Release: Sept. 8
Distributor: Focus Features
Oscar Alums: Adrien Brody (actor, “The Pianist”), Ben Affleck (original screenplay, “Good Will Hunting”)
“Hollywoodland” gazes into the world of showbiz passions and foibles, subjects that have yielded Oscar gold many times, from 1937’s screenwriter nod for “A Star is Born” to multiple honors for “Sunset Boulevard” and Oscars for foreign language offerings such as “8½” and “Day for Night.”
The slightly fictionalized tale of actor George Reeves, the real man inside the TV Superman cape many decades ago, could resonate with acting branch members who might relate to aspects of the story. Themes include Reeves’ frustration at TV biz typecasting, the lure of falling into relationships that can further an acting career, and the venal nature of studio bosses intent on hits (as in films) and misses (as in freewheeling females).
Film’s best chances for Oscar action probably reside inside the acting categories. There’s standout work from Diane Lane (Oscar-nommed for 2003’s “Unfaithful”) as the wife of a studio boss who wants her mink and eye candy, too, which turns out to be the sweet-but-tormented Reeves, played with great empathy and sensitivity by Affleck.
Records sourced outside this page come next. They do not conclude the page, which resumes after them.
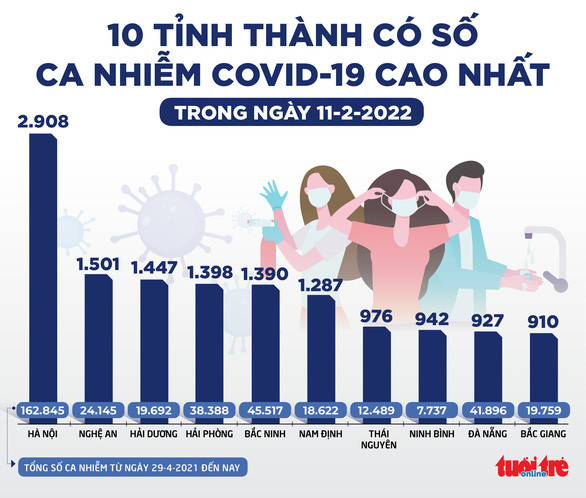 Đồ hoạ: NGỌC THÀNH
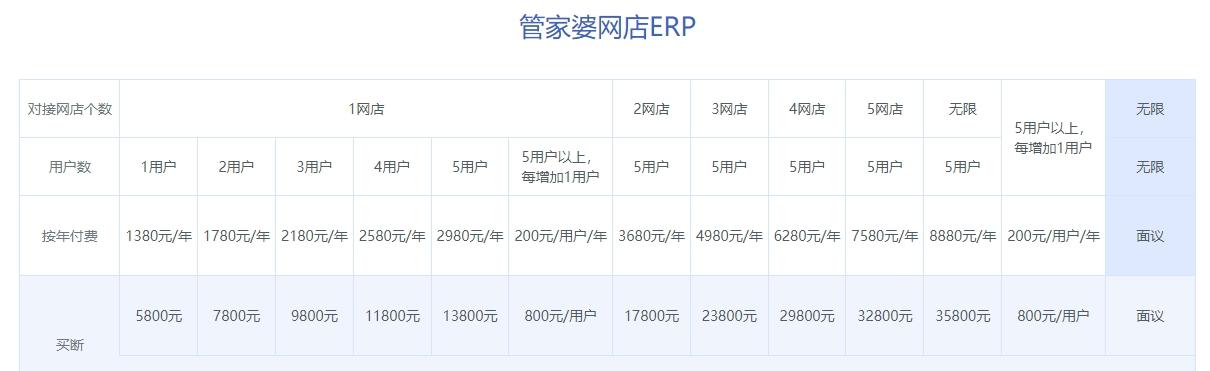 管家婆正版全年免费资料的优势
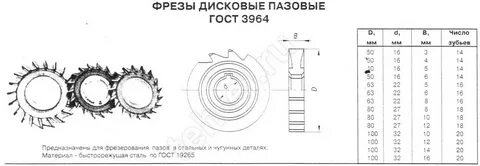Ширина дисковой фрезы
Affleck already grabbed acting honors at the prestigious Venice Film Festival in September for the role; and the real-life parallel of a thespian with serious intentions undone by a rather silly image on the tube and in the press might be irresistible to voters who appreciate Affleck’s heroic shift from the tabloid punching bag that was being half of Bennifer to this year’s serious Oscar contender.
Bob Hoskins, nominated as best actor in 1986’s “Mona Lisa,” also delivers a strong turn as Lane’s tough-guy honcho hubby, real-life MGM chief Eddie Mannix.
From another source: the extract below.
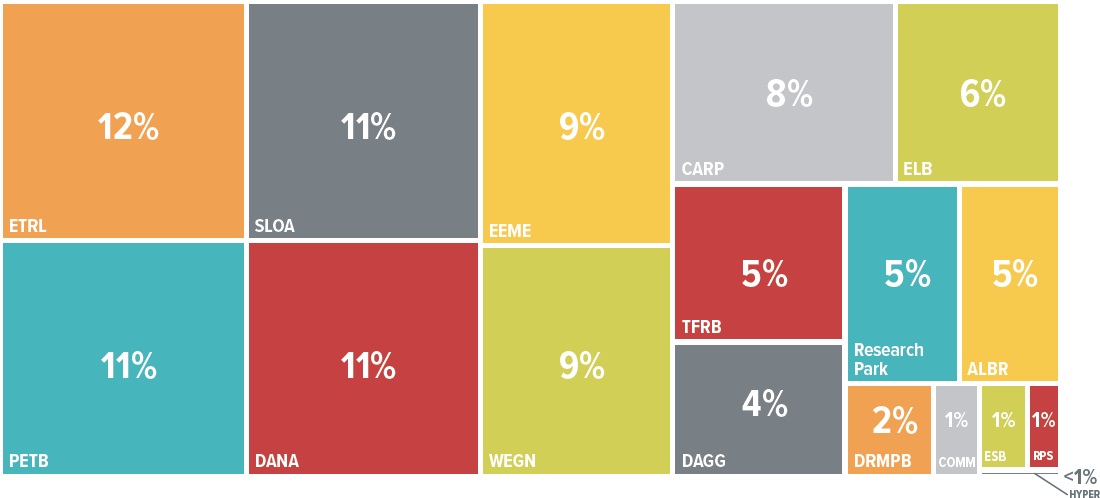 Tile chart for Percentage of Space Each Building Contributes to the Facility Portfolio, see table below for data.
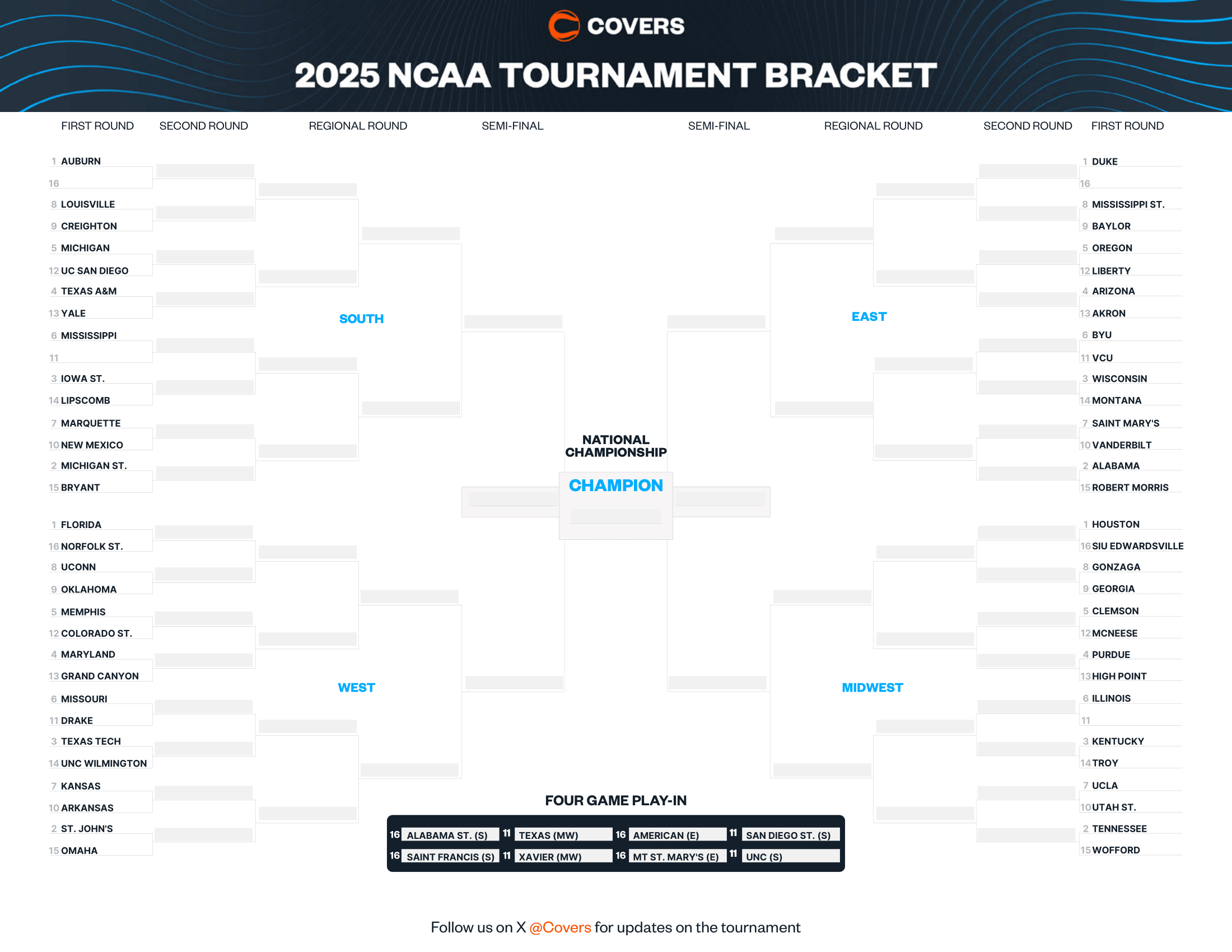Free Printable March Madness Bracket 2025 Print Your NCAA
Scribe Paul Bernbaum, a TV vet moving to the bigscreen, could get Oscar attention with the lovely, nuanced noirish tale derived from the strange facts of Reeves’ life and mysterious death.
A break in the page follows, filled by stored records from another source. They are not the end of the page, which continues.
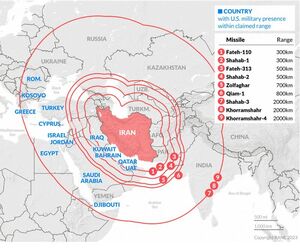 رونمایی از هشت اقدام شگفت انگیز ایران در جنگ!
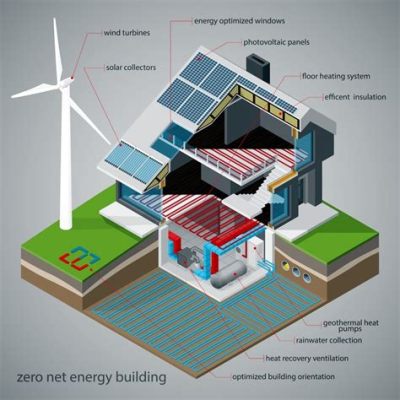 省エネ基準適合住宅とは、未来の生活を変える魔法の箱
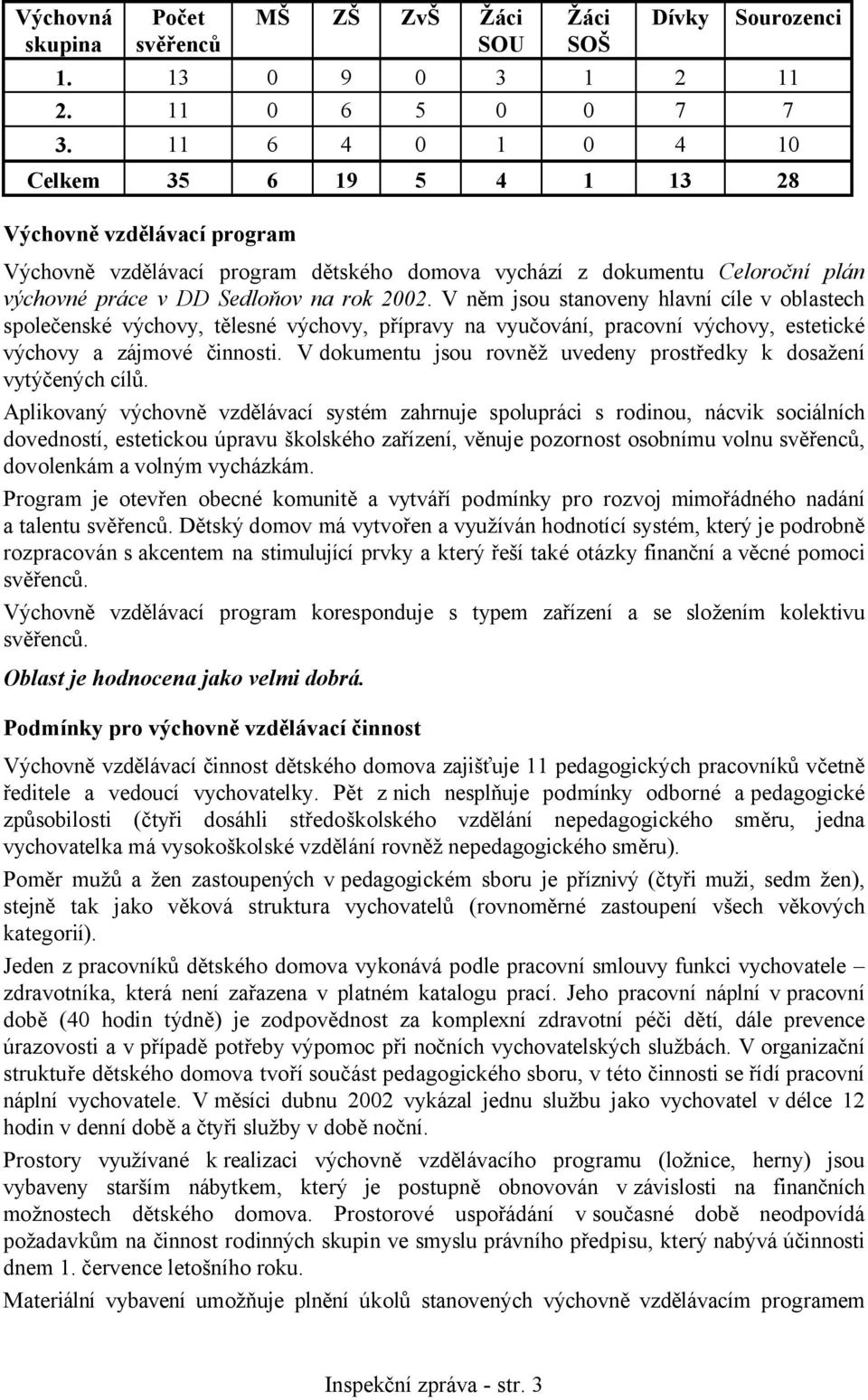 V něm jsou stanoveny hlavní cíle v oblastech společenské výchovy, tělesné výchovy, přípravy na vyučování, pracovní výchovy, estetické výchovy a zájmové činnosti.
But with “Hollywoodland’s” less-than-robust box office biz ($14.4 million), it could elude multiple nominations more common with widely embraced pics. As such, the feature film debut of director Allen Coulter — whose streak as a helming-honors bridesmaid in TV land (four DGA directing noms and five Emmy noms collectively for “Sex and the City” and “The Sopranos”) — might not end more happily in Featuresville.